• _Action item_
For this exercise, repeat the whole listing below exactly. Leave the pictures out.
*** Opening of Information supplied ***
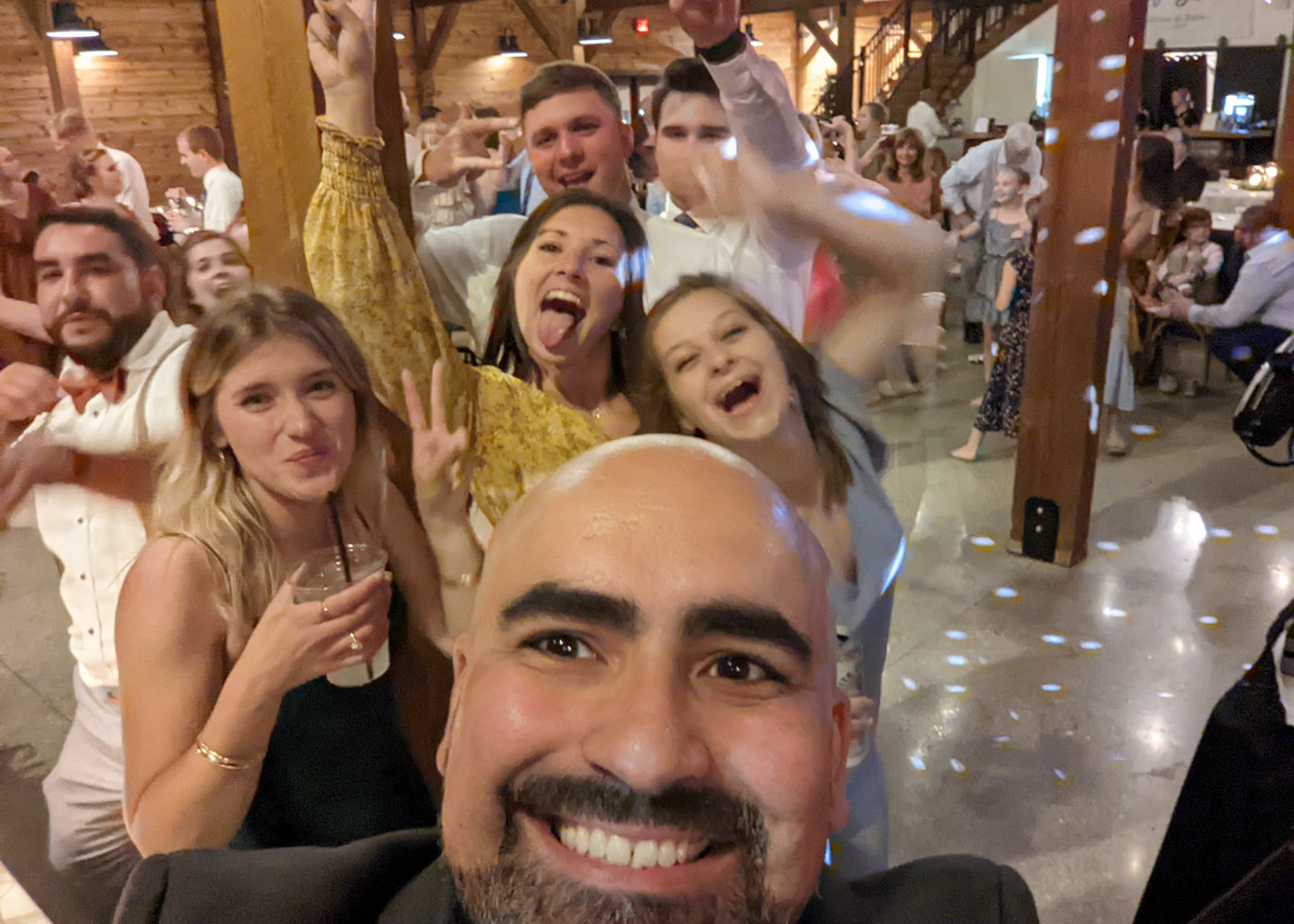 Alex taking a selfie with cheering wedding guests in a barn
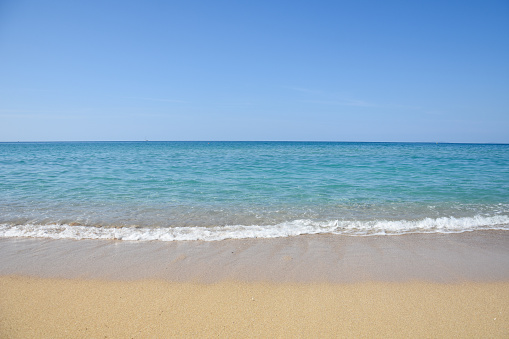 Summer sandy beach with a blue sea water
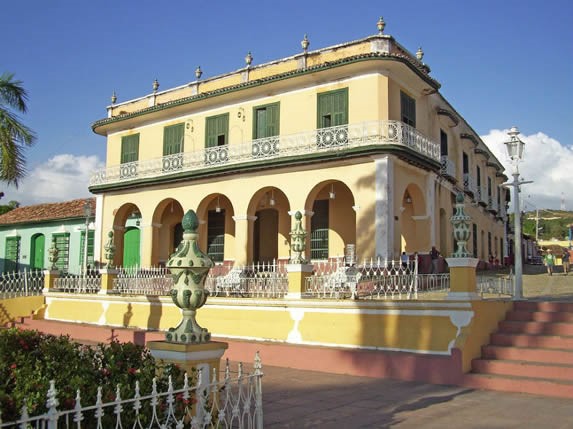 Facade of the Brunet Palace under the blue sky.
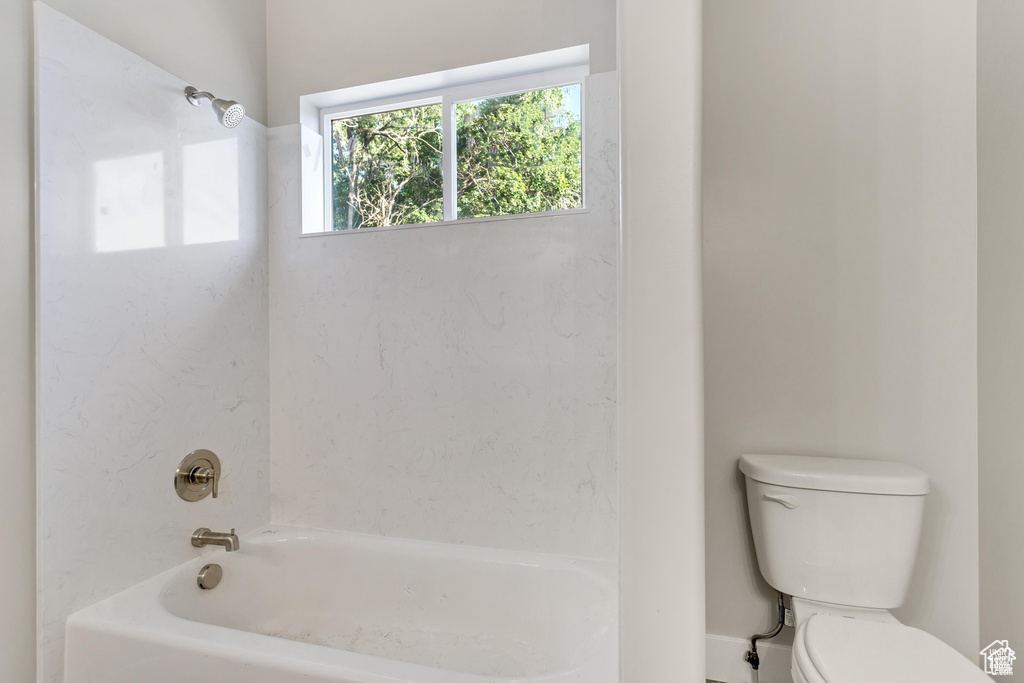 Bathroom with toilet and  shower combination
*** Close of Information supplied ***
• _Your solution_
 Alex taking a selfie with cheering wedding guests in a barn
 Summer sandy beach with a blue sea water
 Facade of the Brunet Palace under the blue sky.
 Bathroom with toilet and  shower combination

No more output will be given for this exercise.